WHAT TO WORK ON: Write out the lines of the material below exactly, beginning at the line with "In Northwest Syria, needs" and stopping after the line with "Facing the winter, Mohammed", and leave out the pictures.

RECORDS FOR THIS EXERCISE:

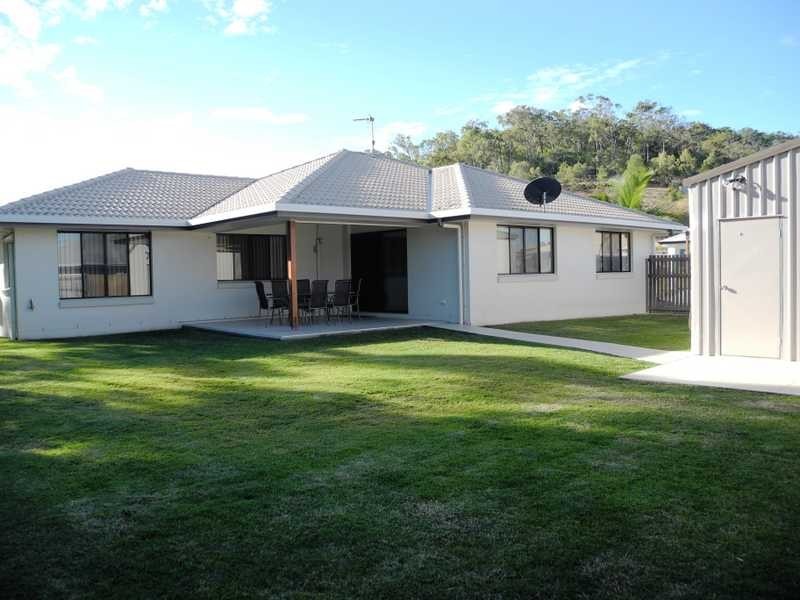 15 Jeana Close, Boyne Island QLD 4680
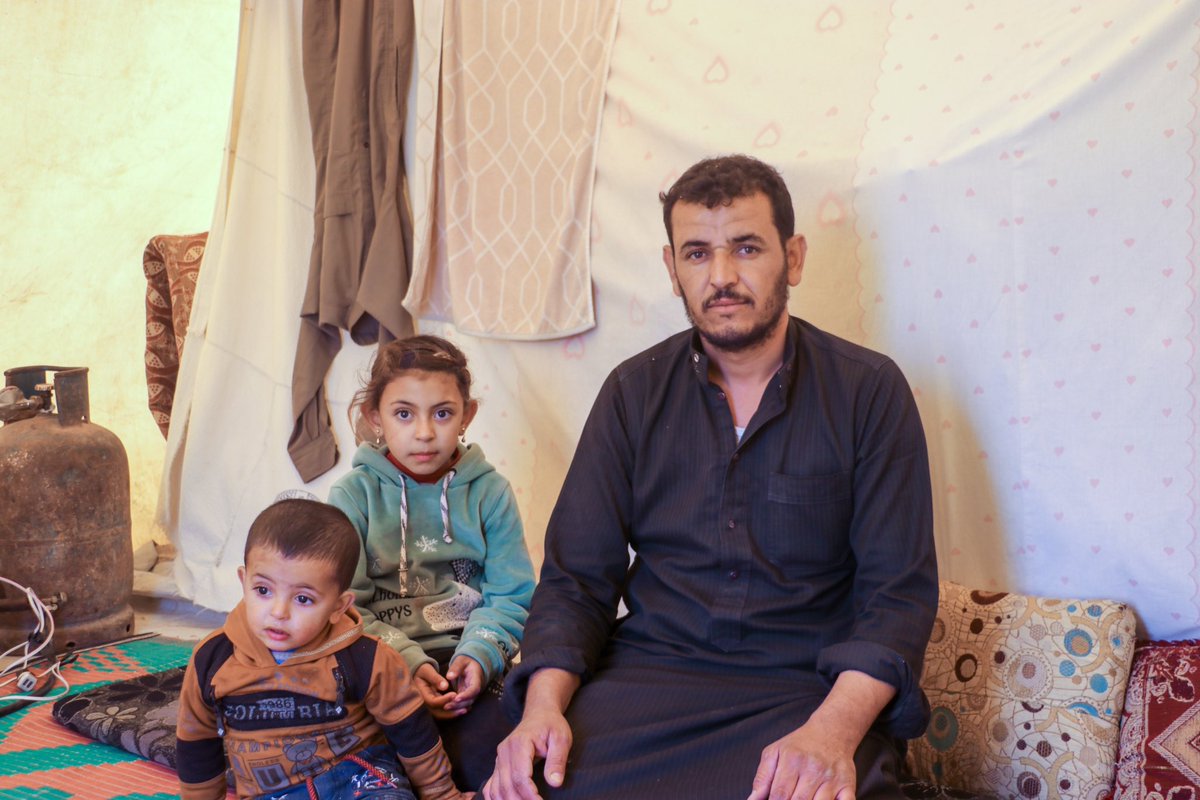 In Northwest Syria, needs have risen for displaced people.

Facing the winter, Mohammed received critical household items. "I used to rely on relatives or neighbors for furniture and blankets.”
--
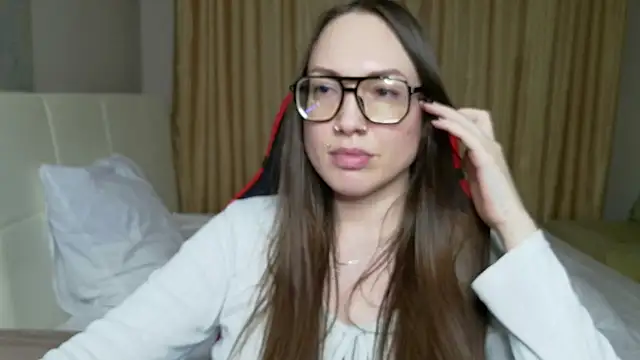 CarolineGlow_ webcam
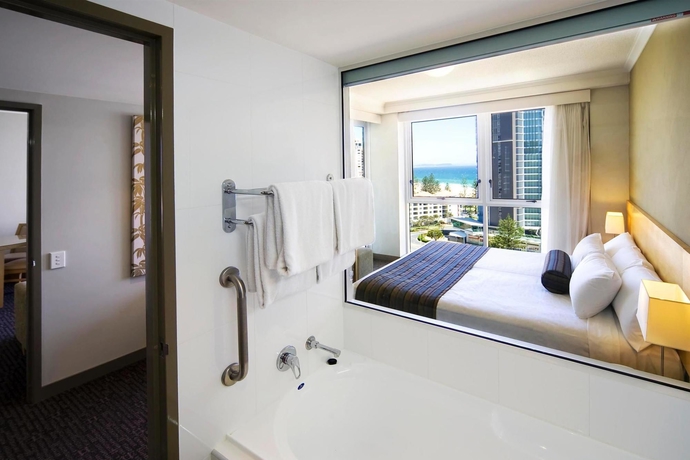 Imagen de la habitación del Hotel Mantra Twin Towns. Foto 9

WRITTEN RESPONSE:
 In Northwest Syria, needs have risen for displaced people.

Facing the winter, Mohammed received critical household items. "I used to rely on relatives or neighbors for furniture and blankets.”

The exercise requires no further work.